The REP is described as “a fully managed service for the creation and distribution of verified data across the enterprise”. It comprises three components: the already widely implemented Reuters Market Data System (RMDS); the Reuters Reference Data System (RRDS) – the warehouse component for golden copy creation (based on technology bought from Worldwide Information Network Systems earlier this year); and the Reuters Enterprise Integration Engine (REIE) for orchestration and downstream data distribution. This latter component is a piece of software to which Reuters has exclusive rights, developed for it by integration specialist m35.
Barr says one of the existing clients is using the warehouse component of the platform (RRDS) only, and another is taking the whole stack as part of a market risk solution. Pressed on whether the REP vision – of uniting real-time and reference data in a single infrastructure for true enterprise data management – is finding favour in the marketplace so far, Barr said: “The notion of tying together real-time and reference data has resonated from a vision perspective, although there is not so much demand for this out there right now.” The trigger for implementing a true enterprise approach will likely be those aspects of data – such as corporate actions – that are clearly needed by both front and back offices, he reckons.
Reuters’ entry into the EDM space was unsurprisingly a topic of some discussion at the Boston event – at which most if not all the existing EDM vendors were exhibiting. Some observers expressed the view that a company of the size and reputation of Reuters setting out its EDM stall is good news for all the providers in the space, as it endorses the validity of the EDM concept. Barr also echoed this view, saying: “We think the scale and footprint and the brand name can offer value to other EDM vendors, and we are open and keen to see how we could work with them.” Important here is that Reuters sees its real strength as being on the integration side, rather than the data warehousing side. “We’d be open to putting anyone’s data warehouse in our platform,” Barr continued. “I see the warehouse as an application, rather than a concrete part of data management. If firms already have data warehouse applications in place, then we can provide the distribution and integration. Our strength is in the integration and the knitting together.”

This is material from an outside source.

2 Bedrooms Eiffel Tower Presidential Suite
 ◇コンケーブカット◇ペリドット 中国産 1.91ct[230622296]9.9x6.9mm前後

Other sources questioned whether Reuters hadn’t already tried its hand at EDM, through the ill-fated joint venture with Capco, Synetix. Barr dismissed the comparison, saying Synetix was based around a “reconciliation solution”.
What is certain is that Reuters has at least two key strengths to play to when it comes to growing the client base for REP. One is the installed base of RMDS users – Barr says during the next 12 months the vendor will be talking to them all with a view to migrating them over to the broader platform. The other is the 600 software partners already writing applications to RMDS. “Clearly, we are working with them to encourage them to extend that connectivity to the other components as well,” he adds. “This will lead to many off-the-shelf applications around the industry having native connectivity to the Reuters Enterprise Platform in the broadest sense.”